NEVER EAT ALONE BOOK REVIEW
Never eat alone is a guide on how to network to right way.
The main premise of the book is that if you want to become successful in life, you need to have a great network of people.
Children of rich people tend to become rich also because first of all, they incorporate the beliefs that made their parents rich into their life by getting raised by them, and also, children of rich people go to schools with children of other rich people…They basically grow up getting to know the children of successful people so it is really easy for them to network with successful people. This is part of their reality.
But what do you have to do if you don’t come from a rich family and you did not go to an elite private school? This is what this book is all about.
Bring value first
Ferrazzi, the author, tells us that real networking is all about finding ways to make other people more successful.

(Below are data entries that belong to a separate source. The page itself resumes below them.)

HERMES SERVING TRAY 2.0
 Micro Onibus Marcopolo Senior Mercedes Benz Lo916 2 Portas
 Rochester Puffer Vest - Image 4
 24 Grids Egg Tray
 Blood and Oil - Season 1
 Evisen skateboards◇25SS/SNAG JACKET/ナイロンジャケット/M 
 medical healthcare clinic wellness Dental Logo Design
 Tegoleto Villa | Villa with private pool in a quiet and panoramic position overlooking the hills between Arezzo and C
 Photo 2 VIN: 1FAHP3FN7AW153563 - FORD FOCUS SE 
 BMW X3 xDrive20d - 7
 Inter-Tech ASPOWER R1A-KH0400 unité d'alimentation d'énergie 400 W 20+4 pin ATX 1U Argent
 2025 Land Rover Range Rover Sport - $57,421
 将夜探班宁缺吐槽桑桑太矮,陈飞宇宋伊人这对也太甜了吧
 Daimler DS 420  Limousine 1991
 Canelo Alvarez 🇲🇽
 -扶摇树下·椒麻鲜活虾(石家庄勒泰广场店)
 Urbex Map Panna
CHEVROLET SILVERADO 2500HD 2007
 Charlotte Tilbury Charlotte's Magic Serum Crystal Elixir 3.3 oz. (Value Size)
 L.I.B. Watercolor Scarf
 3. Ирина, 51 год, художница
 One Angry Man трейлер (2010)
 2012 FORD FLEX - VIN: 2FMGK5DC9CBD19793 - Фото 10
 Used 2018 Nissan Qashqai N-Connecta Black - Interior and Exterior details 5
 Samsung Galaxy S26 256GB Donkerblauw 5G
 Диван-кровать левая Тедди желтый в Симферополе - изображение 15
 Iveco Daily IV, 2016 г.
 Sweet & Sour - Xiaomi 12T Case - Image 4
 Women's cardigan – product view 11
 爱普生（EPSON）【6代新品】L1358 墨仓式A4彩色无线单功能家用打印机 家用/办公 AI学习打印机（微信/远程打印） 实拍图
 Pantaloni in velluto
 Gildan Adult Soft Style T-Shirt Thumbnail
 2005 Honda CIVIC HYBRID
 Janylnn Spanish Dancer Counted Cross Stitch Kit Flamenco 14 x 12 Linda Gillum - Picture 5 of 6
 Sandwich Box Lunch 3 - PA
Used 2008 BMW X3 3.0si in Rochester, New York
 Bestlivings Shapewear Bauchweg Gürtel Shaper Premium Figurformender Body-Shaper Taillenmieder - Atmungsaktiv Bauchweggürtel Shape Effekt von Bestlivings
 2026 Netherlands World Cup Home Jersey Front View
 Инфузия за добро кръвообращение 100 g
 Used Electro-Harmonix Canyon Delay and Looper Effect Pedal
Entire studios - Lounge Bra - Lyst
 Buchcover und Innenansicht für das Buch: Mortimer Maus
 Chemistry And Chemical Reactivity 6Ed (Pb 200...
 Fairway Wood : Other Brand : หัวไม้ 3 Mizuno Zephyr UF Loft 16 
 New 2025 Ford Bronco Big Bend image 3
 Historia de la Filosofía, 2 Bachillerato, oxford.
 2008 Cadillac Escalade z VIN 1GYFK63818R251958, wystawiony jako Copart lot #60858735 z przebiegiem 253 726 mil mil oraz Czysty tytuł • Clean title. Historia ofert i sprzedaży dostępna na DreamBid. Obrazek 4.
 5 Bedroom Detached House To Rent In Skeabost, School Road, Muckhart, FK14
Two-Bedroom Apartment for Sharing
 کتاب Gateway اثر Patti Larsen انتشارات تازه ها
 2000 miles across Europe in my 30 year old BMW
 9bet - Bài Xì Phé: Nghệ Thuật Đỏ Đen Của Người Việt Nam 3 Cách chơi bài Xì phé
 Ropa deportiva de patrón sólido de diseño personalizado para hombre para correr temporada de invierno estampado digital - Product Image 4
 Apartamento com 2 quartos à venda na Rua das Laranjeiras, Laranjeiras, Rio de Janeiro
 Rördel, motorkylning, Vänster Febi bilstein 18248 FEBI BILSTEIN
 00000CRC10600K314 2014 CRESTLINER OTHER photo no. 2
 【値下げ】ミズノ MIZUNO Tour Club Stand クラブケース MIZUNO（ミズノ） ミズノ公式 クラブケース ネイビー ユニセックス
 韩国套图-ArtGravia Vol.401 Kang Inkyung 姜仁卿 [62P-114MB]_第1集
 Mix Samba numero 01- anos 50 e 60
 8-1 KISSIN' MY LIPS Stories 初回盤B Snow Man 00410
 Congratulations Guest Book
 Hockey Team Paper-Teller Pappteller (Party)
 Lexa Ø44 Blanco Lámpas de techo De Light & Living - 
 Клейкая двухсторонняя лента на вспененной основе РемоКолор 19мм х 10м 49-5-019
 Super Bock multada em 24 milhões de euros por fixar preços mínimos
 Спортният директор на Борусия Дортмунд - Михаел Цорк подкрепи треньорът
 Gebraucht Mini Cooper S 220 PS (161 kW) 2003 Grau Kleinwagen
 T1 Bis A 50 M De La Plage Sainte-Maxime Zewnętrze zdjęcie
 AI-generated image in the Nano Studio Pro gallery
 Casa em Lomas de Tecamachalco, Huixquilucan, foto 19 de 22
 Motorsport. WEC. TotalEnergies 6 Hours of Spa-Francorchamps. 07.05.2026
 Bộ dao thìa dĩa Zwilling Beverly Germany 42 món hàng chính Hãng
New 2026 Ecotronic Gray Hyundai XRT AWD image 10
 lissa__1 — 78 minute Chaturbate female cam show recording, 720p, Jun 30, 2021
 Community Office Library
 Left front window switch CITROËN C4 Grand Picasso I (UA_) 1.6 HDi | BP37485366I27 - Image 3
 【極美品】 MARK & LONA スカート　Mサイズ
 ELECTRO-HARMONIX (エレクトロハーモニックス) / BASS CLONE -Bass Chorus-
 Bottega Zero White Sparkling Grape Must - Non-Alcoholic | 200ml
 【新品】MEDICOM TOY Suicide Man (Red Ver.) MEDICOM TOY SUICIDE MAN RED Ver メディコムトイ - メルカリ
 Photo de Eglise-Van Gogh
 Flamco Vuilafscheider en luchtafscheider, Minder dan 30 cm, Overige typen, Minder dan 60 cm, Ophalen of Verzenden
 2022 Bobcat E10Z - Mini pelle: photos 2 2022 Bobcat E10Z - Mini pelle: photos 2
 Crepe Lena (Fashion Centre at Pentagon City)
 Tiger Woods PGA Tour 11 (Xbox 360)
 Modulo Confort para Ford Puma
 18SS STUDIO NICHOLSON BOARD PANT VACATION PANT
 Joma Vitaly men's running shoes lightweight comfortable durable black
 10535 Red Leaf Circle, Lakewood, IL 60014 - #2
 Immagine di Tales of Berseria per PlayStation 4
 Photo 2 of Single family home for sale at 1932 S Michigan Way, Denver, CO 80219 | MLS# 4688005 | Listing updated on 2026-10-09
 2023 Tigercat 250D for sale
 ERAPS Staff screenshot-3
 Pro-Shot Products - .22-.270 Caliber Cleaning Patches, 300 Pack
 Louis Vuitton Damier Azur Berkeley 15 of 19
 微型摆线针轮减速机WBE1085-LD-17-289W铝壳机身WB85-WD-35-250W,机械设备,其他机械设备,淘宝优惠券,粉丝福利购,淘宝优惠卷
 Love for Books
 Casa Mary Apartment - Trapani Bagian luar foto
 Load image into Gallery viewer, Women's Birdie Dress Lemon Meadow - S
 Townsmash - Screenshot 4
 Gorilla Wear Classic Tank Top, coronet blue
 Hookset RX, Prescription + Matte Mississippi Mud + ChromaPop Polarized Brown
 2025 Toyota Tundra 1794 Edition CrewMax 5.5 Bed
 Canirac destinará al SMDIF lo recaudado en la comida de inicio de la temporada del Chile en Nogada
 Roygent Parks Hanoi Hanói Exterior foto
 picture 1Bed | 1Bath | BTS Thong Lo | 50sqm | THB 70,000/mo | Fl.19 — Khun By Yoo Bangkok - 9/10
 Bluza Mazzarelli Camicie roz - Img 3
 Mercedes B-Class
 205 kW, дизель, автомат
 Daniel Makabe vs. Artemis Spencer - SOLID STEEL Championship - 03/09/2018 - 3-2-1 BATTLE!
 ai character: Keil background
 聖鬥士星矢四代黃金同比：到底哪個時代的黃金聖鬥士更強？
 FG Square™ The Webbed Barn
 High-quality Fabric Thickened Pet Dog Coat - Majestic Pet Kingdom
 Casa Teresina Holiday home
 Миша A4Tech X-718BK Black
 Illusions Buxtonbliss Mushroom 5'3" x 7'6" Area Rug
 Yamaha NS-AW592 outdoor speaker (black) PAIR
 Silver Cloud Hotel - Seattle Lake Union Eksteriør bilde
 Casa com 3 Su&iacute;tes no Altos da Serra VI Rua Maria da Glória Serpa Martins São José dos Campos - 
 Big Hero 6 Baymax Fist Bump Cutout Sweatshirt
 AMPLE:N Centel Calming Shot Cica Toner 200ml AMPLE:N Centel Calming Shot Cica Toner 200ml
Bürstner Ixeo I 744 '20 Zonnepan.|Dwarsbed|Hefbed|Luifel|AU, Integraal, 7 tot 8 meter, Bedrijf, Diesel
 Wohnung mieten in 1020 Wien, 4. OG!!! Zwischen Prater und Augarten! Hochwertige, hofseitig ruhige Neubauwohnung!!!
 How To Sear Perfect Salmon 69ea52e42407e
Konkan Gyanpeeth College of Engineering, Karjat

The main mistake people make when networking is they only give their business cards in hope that the other person will call them back. If you want to become really successful at this, you want to make the other person more successful. If you do that, they will value your relationship and now you will have something solid.
Most people don’t bring any value on the table when they network and this is why they have a hard time creating relationships.
Do you think Elon Musk would have a hard time networking? It would be really easy for him because you know exactly that he could help you in so many ways. People want to contact him actually; he doesn’t have to do anything. He has value.
I know a guy that does the exact opposite. He is a financial advisor and he goes in networking events like 5 or 6 times per week. Want to know what’s his problem though? He doesn’t bring a lot of value to the table so he is not able to turn all of these encounters into clients.
You have to become valuable first. This is the key. If you have something that can help the other person, it will be REALLY EASY to network with other people.
Another good tip from the author is to begin reaching out to others and building your network BEFORE you need anything from them. The whole idea is to bring value to people FIRST, then you will have a relationship with them, and then if you need them in the future they will be there for you.
The author suggests people should join community groups that interest them, take leadership positions in hobby groups that interest them, etc. As you become exposed to more people, gravitate towards the ones who are involved with things that you want to be doing.
Do your homework:
When you defined someone you wish to meet, what you have to do is to do some homework. Make sure that you know as much as possible on this person; their interests, what they do, etc. By doing this, you will have something to break the ice with and it will be much easier to find something to talk about.
Never eat alone
Another key idea is the fact that you should try to never eat alone. If you do, you are missing out on a great opportunity to connect with someone. A meal is an amazing time to connect with someone, so make it a habit to always meat with someone that you want to connect with.
Always follow up
It is really important that every time you make a new connection, you follow up on it. You can do this with a note, an email, a text massage, etc. Ferrazzi says that a handwritten thank you note is the best to go because it will make you stand out from the crowd.
Merge your contacts with someone else
One of the best ways to grow your network is to merge your contacts with the contacts of someone else. What you could do is to exchange invites to events with someone whose circle you don’t know well yet, and who doesn’t know your circle well. Doing this is an excellent way for both of you guys to expand your social circle. Next time you organize a party, agree with someone that you guys will be responsible for half the guest list. Everyone will win by doing this.
I’m not going to lie, I usually hate networking books. They always say the same thing and i’m actually not a big fan of networking. I am more of an introvert and I like to spend time alone. However, I really enjoyed this book! This is by far one of the best networking books I have read in recent years.
- Networking is nothing more than finding ways to add value in other’s people lives.
- You have to be willing to offer value upfront and offer unlimited favors.
- Do your homework and do research on the people you plan on meeting.
- You should always follow-up after you meet someone new.
- Try to make connections in many different circles.
- Don’t wait until you need them to reach them. Reach out to your contacts before you need them.